## EXERCISE BRIEF
Please repeat the data below exactly, with the pictures removed.

## DATA
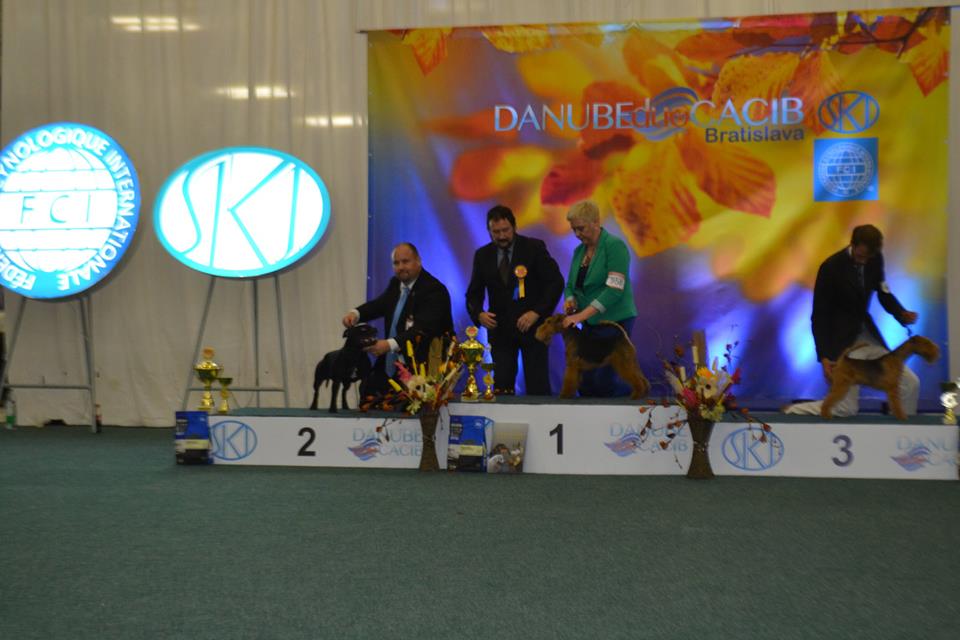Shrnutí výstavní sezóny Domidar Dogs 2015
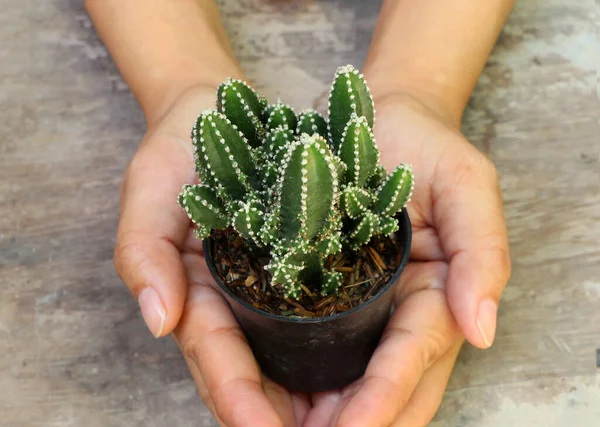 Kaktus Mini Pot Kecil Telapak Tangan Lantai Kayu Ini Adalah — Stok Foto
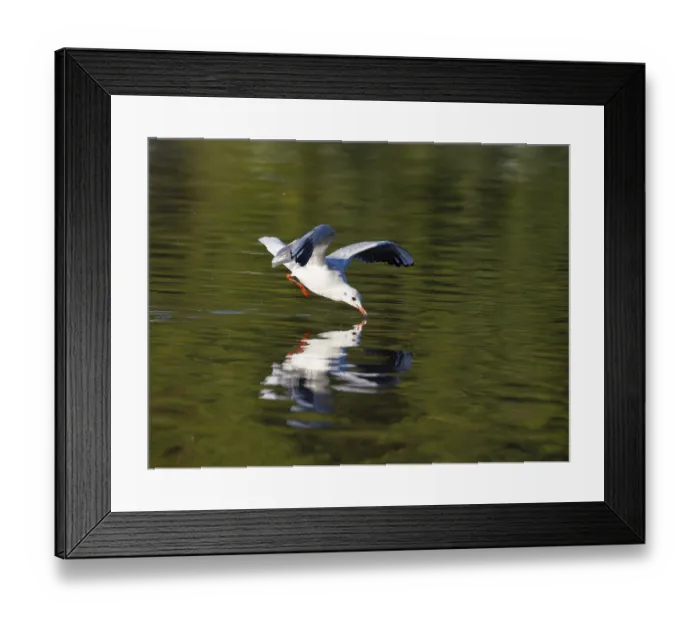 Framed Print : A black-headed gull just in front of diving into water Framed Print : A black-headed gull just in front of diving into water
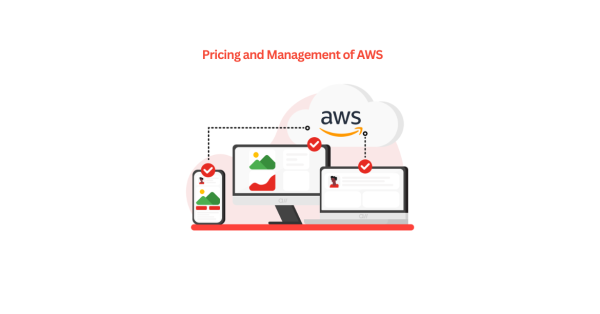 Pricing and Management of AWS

## RESULT
Shrnutí výstavní sezóny Domidar Dogs 2015
 Kaktus Mini Pot Kecil Telapak Tangan Lantai Kayu Ini Adalah — Stok Foto
 Framed Print : A black-headed gull just in front of diving into water Framed Print : A black-headed gull just in front of diving into water
 Pricing and Management of AWS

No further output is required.